In the U.S., the National Bureau of Economic Research is the arbiter of recession. In announcing the beginning of this recession, the NBER issued a statement with some informative FAQs. Below are some highlights. The link to the full text is here.

Q: The financial press often states the definition of a recession as two consecutive quarters of decline in real GDP. How does that relate to the NBER’s recession dating procedure?

A: Most of the recessions identified by our procedures do consist of two or more quarters of declining real GDP, but not all of them. As an example, the last recession, in 2001, did not include two consecutive quarters of decline. As of the date of the committee’s meeting, the economy had not yet experienced two consecutive quarters of decline.

Q: Why doesn’t the committee accept the two-quarter definition?

A: The committee’s procedure for identifying turning points differs from the two-quarter rule in a number of ways. First, we do not identify economic activity solely with real GDP, but use a range of indicators. Second, we place considerable emphasis on monthly indicators in arriving at a monthly chronology. Third, we consider the depth of the decline in economic activity. Recall that our definition includes the phrase, “a significant decline in activity.” Fourth, in examining the behavior of domestic production, we consider not only the conventional product-side GDP estimates, but also the conceptually equivalent income-side GDI estimates. The differences between these two sets of estimates were particularly evident in 2007 and 2008.

Q: Isn’t a recession a period of diminished economic activity?

A: It’s more accurate to say that a recession—the way we use the word—is a period of diminishing activity rather than diminished activity. We identify a month when the economy reached a peak of activity and a later month when the economy reached a trough. The time in between is a recession, a period when economic activity is contracting. The following period is an expansion.

I would like to highlight the term ‘diminishing activity’ and the answer to the last question above because this is the crux of the matter. The NBER is looking to date the period when economic activity is diminishing, not when it is diminished. That means that economic activity MUST be LOWER when an economy ends recession and starts a recover than when it entered the recession. Recovery starts from a position of diminished economic activity. I attempted to get this point across in detail in my post “Economic recovery and the perverse math of GDP reporting.”

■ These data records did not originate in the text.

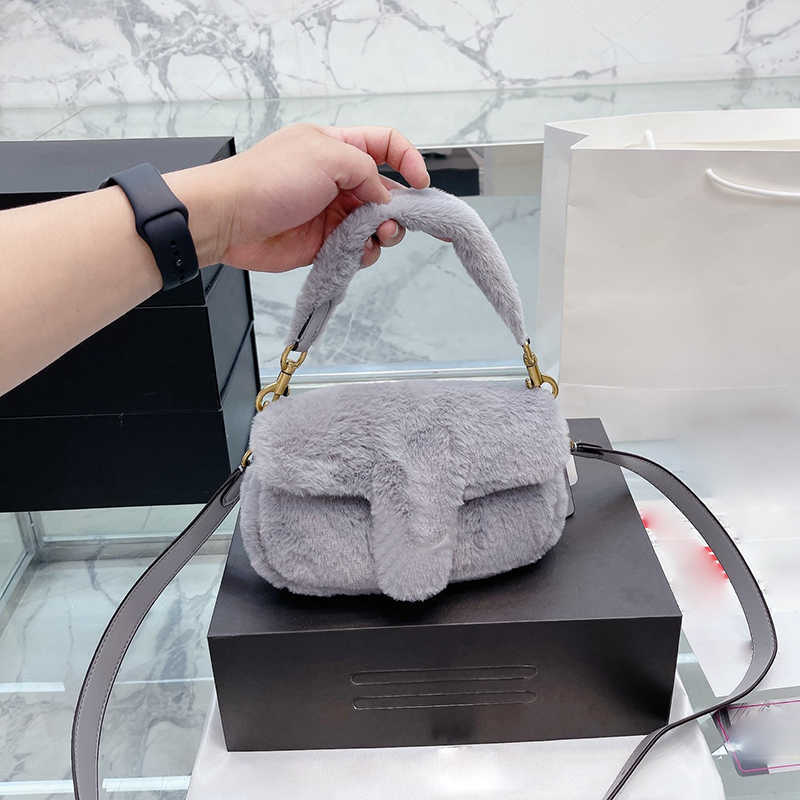 Totes Coabag Pillow Tabb Designer Bag Plush Crossbody Pouch Winter Womens Tote Bags Luxurys Bag Design Handbag Shoulder Purse 221024, Coac-1
Totes Coabag Pillow Tabb Designer Bag Plush Crossbody Pouch Winter Womens Tote Bags Luxurys Bag Design Handbag Shoulder Purse 221024, Coac-1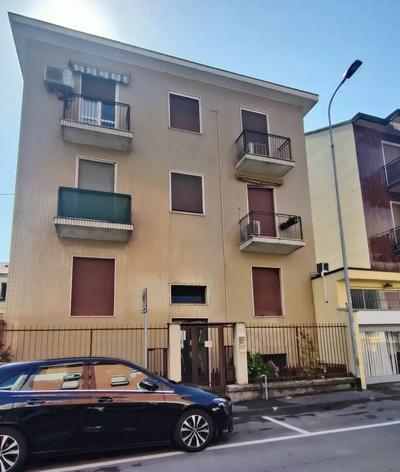 Piena proprietà di appartamento sito nel Comune di Rozzano (MI), Via Monte Rosa n. 87, situato al piano rialzato, è costituito da soggiorno con cucinotto, camera, disimpegno, servizio igienico, per una superficie lorda totale di 50 mq. L’appartamento è dotato di impianto di riscaldamento di tipo centralizzato con termosifoni. Identificativi catastali: foglio 1, particella 161, sub 706 – categoria A/3 – Rendita 232,41 € - 3 vani Vendita competitiva telematica sul portale www.doauction.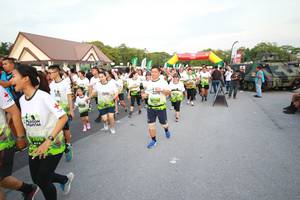 BIB: 
                            <button type="button" onclick="openModal(3530843)" class="btn btn-primary btn-sm float-right btn-popup" data-toggle="modal" data-target=".modal-high-quality">
                        <i class="fas fa-shopping-cart"></i> Add to Cart
                    </button>
                                            <button type="button" onclick="isThisMe(3530843, true)" class="btn btn-success btn-sm float-right btn-popup btn-isme hidden" data-toggle="tooltip" data-placement="bottom" title="นี่คือรูปของคุณใช่ไหม คลิกที่นี่เพื่อเอาเข้าอัลบั้ม">
                        <i class="fas fa-plus"></i> Add to album
                    </button>
                    <button type="button" onclick="isThisMe(3530843, false)" class="btn btn-warning btn-sm float-right btn-popup btn-isnotme hidden">
                        <i class="fas fa-ban"></i> Remove from album
                    </button>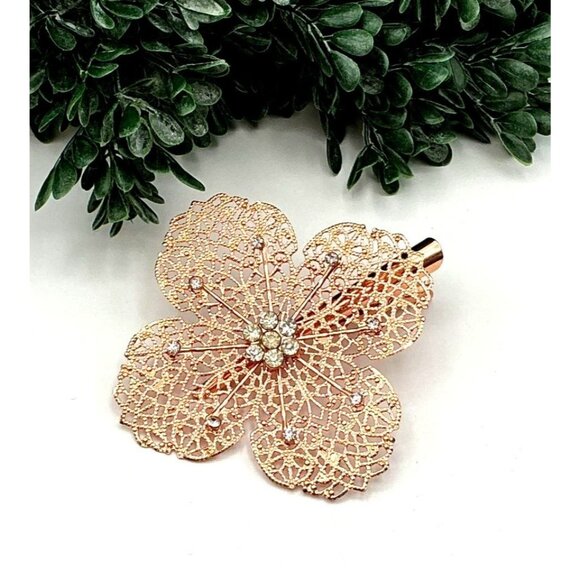Rose Gold Crystal Floral Hair Clip With Intricate Filigree Design - Picture 1 of 3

So when Nouriel Roubini says that a recovery in 2010 will be so slow that it will feel like a recession, this is what he is talking about. Most people will not think of this as recovery any more than they did in 2002 or 1991.

The period just following recession until the previous level of output before recession is re-attained is what I will term a ‘technical recovery.’ This is a time during which economic activity is increasing, but the economy is still operating below levels of the recent past. Unemployment will still be rising and many businesses will still be going bankrupt. Because this period will still be very painful for many, it seems perverse to call it a recovery. So, let’s use the term ‘technical recovery’ to describe this phenomenon. That way, we all understand the reality behind the numbers.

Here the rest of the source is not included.